— Task brief —
Everything in the records below goes into the copy exactly, except the pictures.
>>
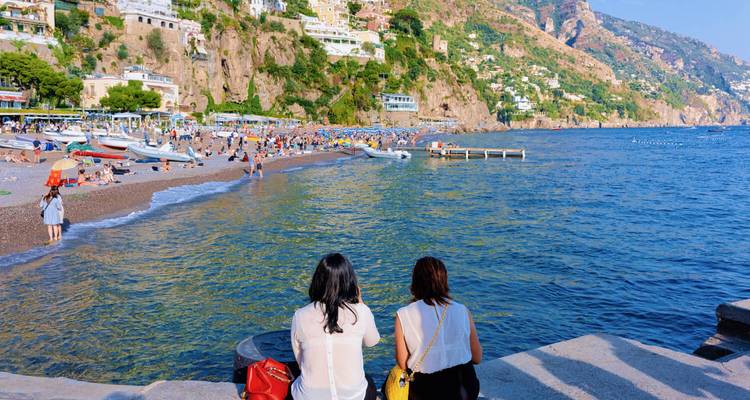 Two women sit on waterfront steps looking out at a lively Positano beach and the azure sea.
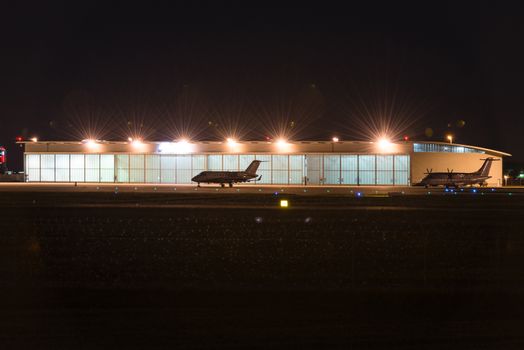 Two private jets parked in front of a lit hangar at dusk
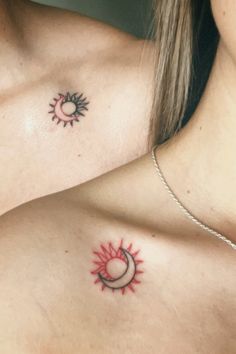 two sun and moon tattoo designs on the chest, one with red ink in it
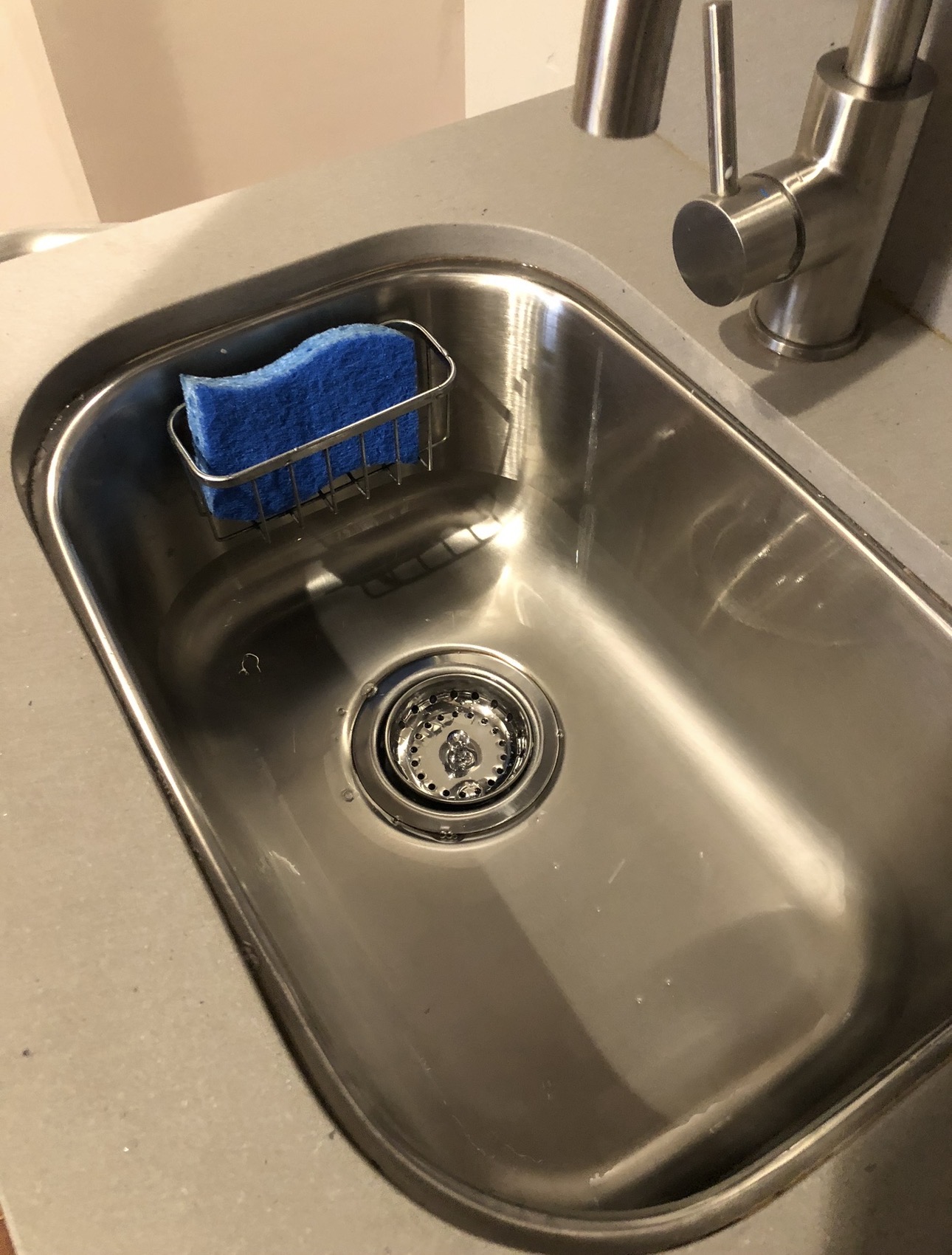 Shining stainless kitchen sink after Royal Glow Cleaning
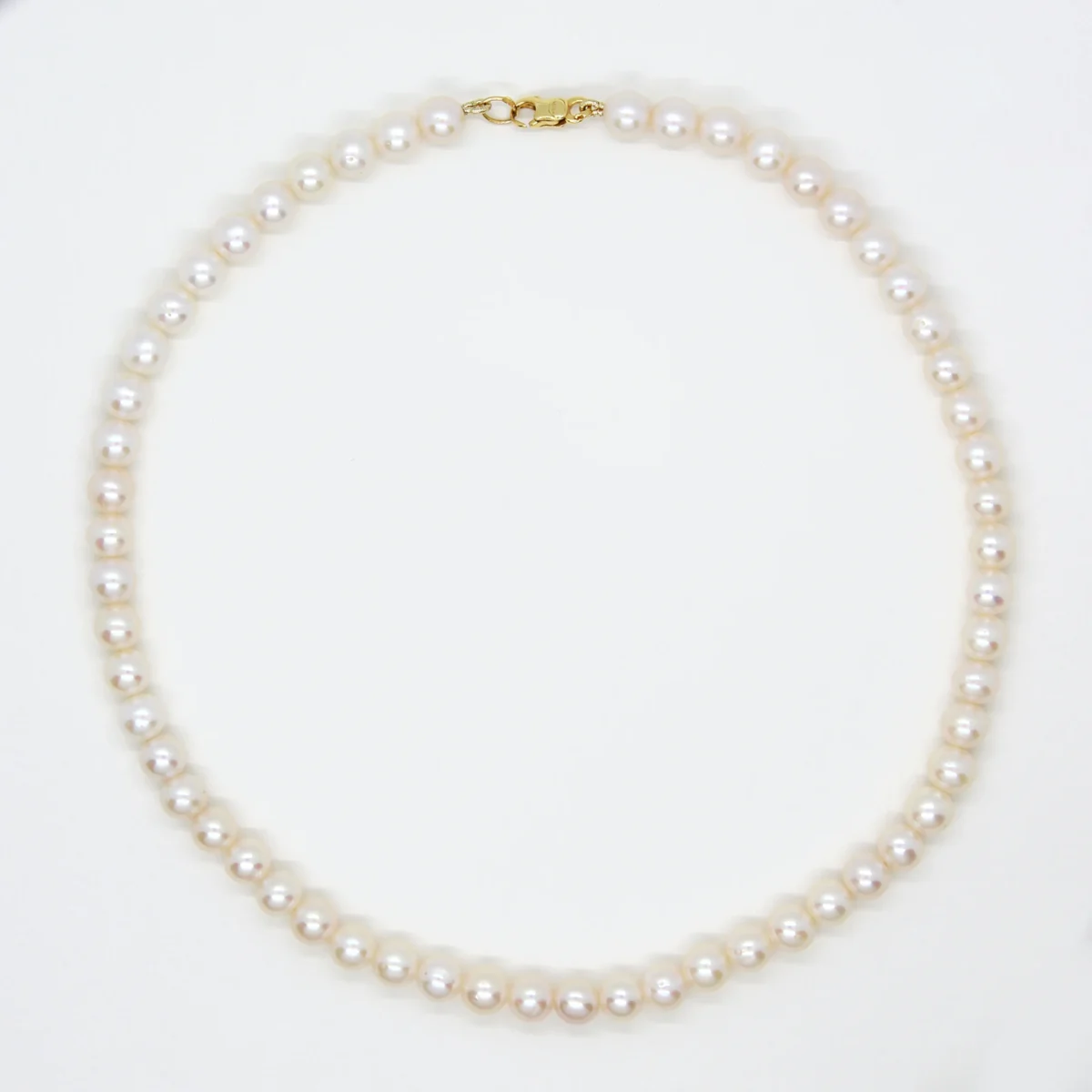 สร้อยคอไข่มุกน้ำจืดแท้ สีขาว 7mm. ยาว 16 นิ้ว ตัวล็อคทองคำแท้18k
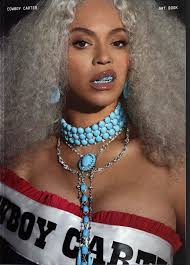 Beyoncé sports a grill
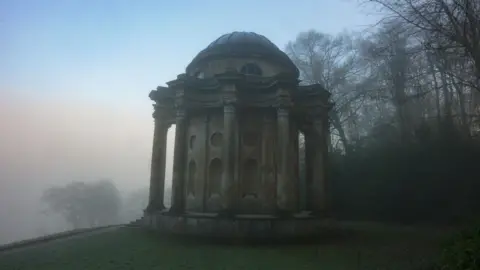 Stourhead - National Trust A foggy building which is rounded and has Roman-style pillars leading to its rounded roof.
<<
— Solution for this task —
 Two women sit on waterfront steps looking out at a lively Positano beach and the azure sea.
 Two private jets parked in front of a lit hangar at dusk
 two sun and moon tattoo designs on the chest, one with red ink in it
 Shining stainless kitchen sink after Royal Glow Cleaning
 สร้อยคอไข่มุกน้ำจืดแท้ สีขาว 7mm. ยาว 16 นิ้ว ตัวล็อคทองคำแท้18k
 Beyoncé sports a grill
 Stourhead - National Trust A foggy building which is rounded and has Roman-style pillars leading to its rounded roof.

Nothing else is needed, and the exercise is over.